For $x > 0$, let $e(x)$ denote the expected number of steps in the chain until it reaches the origin assuming that $X_0 = x$. Find $e(1)$. (Hint: first consider the expected return time starting at the origin and write $e(1)$ in terms of this.)
My attempt: Note that $e(0)$ is $0$ as we have started at the origin and thus we will end up there in 0 steps. Note that for $x>0$, $$e(x) = 1 + \frac{3}{4}e(x-1) + \frac{1}{4}e(x+1) \quad(*)$$
So $$e(1) = 1 + \frac{3}{4}e(0) + \frac{1}{4}e(2)=1+\frac{1}{4}e(2)$$ But now I am not sure how to proceed. Is my expression in $(*)$ even correct? I think $(*)$ is a linear difference equation which I do not know how to solve.

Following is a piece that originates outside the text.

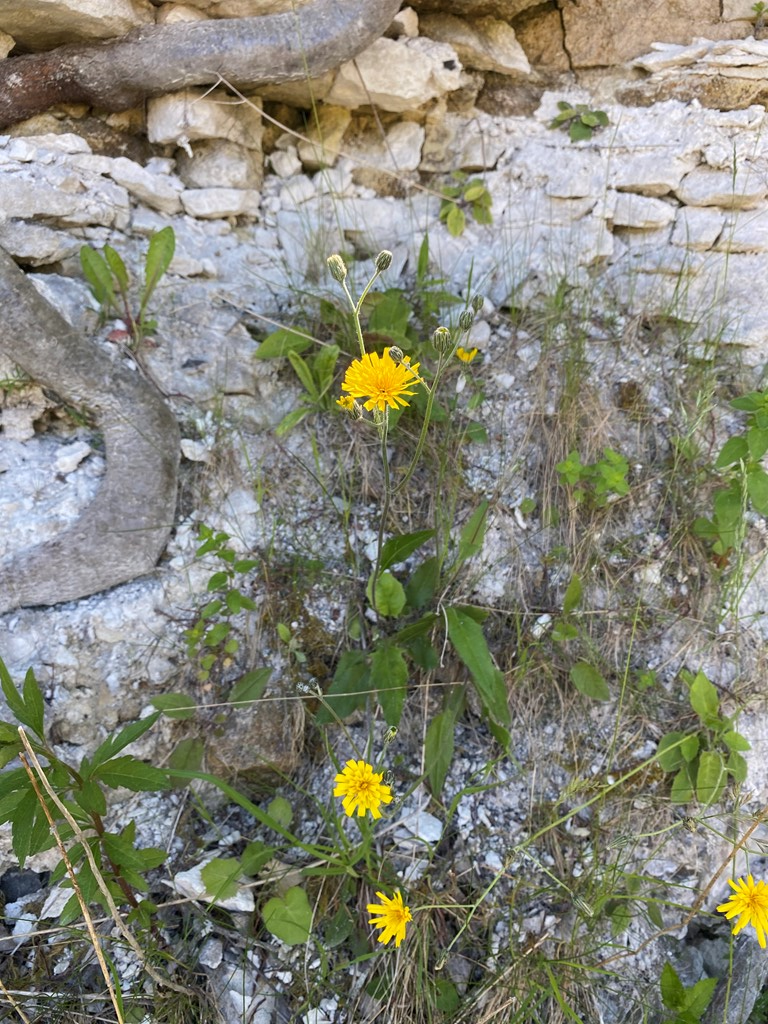 Hieracium chlorellum (Hieracium chlorellum)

Furthermore, I am also asked to find $e(x)$ for all $x>0$.
A standard approach for return time is that if $\pi$ is the limiting distribution, then the expected return time to state $i$, starting from $i$, is $\frac1{\pi_i}$.
Here, we can work out the limiting distribution $\pi$ with very little effort by observing that $\frac14 \pi_i = \frac34 \pi_{i+1}$ for all $i \ge 0$. (Here, $\frac14 \pi_i$ is the limiting rate of transitions from $i$ to $i+1$, $\frac34 \pi_{i+1}$ is the limiting rate of transitions from $i+1$ to $i$, and these transitions must alternate so their rates are equal.)
Once we've done that, we know $e(0)$. By looking at where the first step from $0$ goes (either back to $0$, in which case we return in $1$ step, or to $1$, in which case we return in $1 + e(1)$ steps on average) we can solve for $e(1)$.
Finally, you can argue that the expected time to go from $i$ to $i-1$ is the same for all $i$, which should let you conclude that $e(x) = x \cdot e(1)$.